Copy the material below verbatim from the line with "Building Photo - 9217 Granger Ln" to the line with "絵描きのホームレス【エノビさんの個展】前日の会場より生配信", both lines included, omitting pictures and every line outside that range.

━━━━━ Exercise input ━━━━━

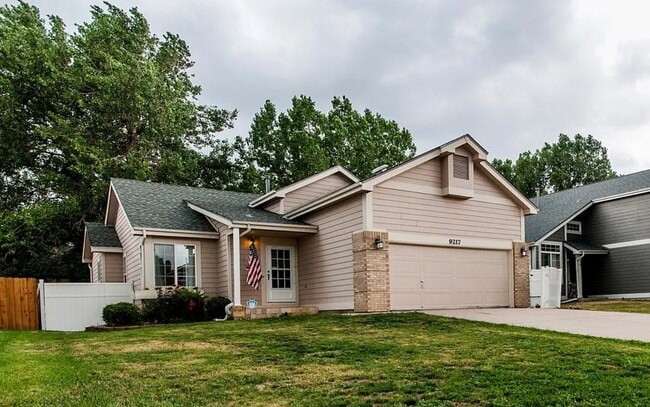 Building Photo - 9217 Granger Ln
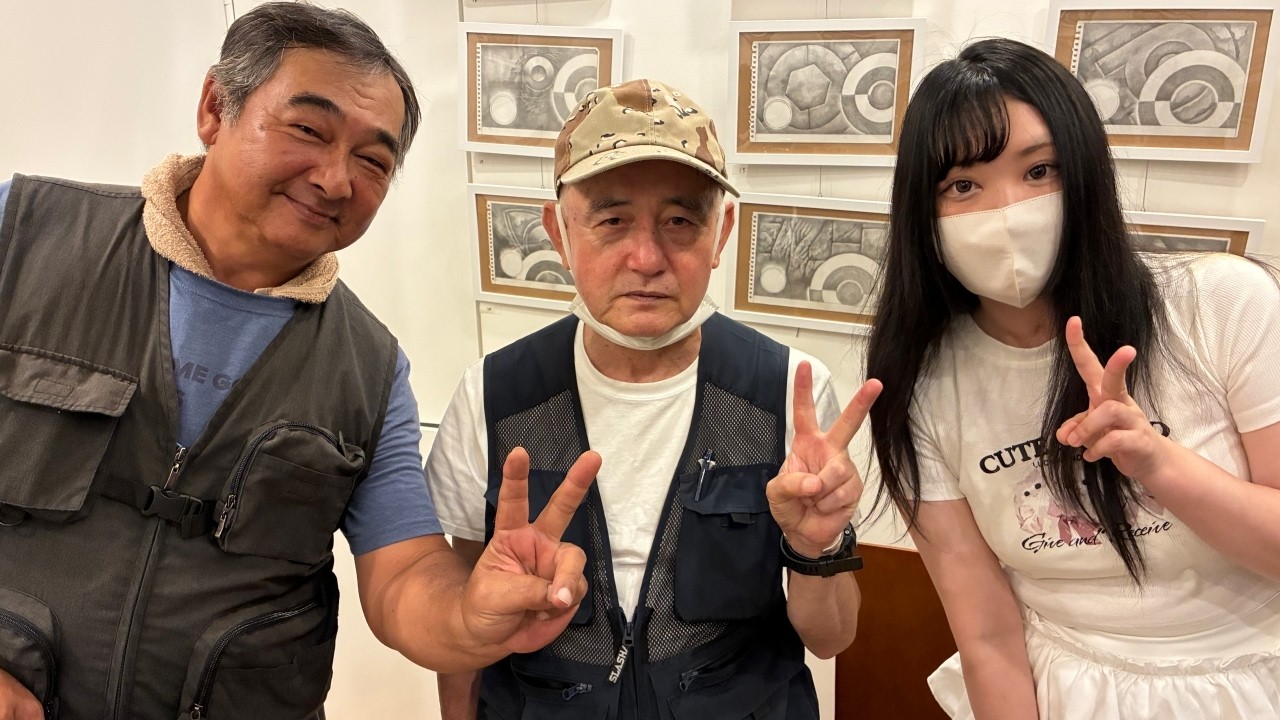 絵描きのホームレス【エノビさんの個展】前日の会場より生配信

━━━━━
━━━━━ Exercise input ━━━━━

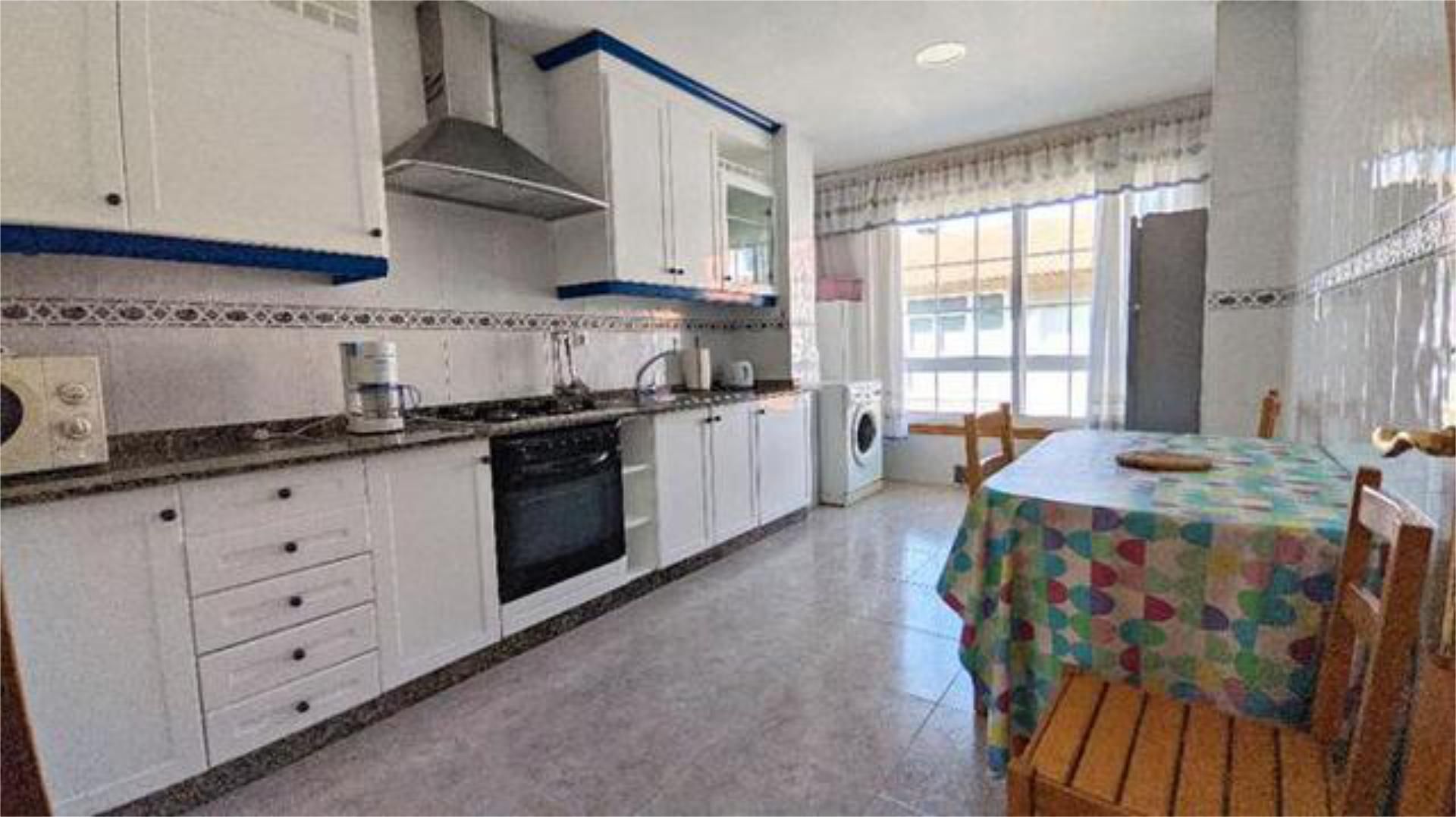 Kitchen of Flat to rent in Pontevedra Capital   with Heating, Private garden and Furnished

━━━━━

(Written answer):
 Building Photo - 9217 Granger Ln
 絵描きのホームレス【エノビさんの個展】前日の会場より生配信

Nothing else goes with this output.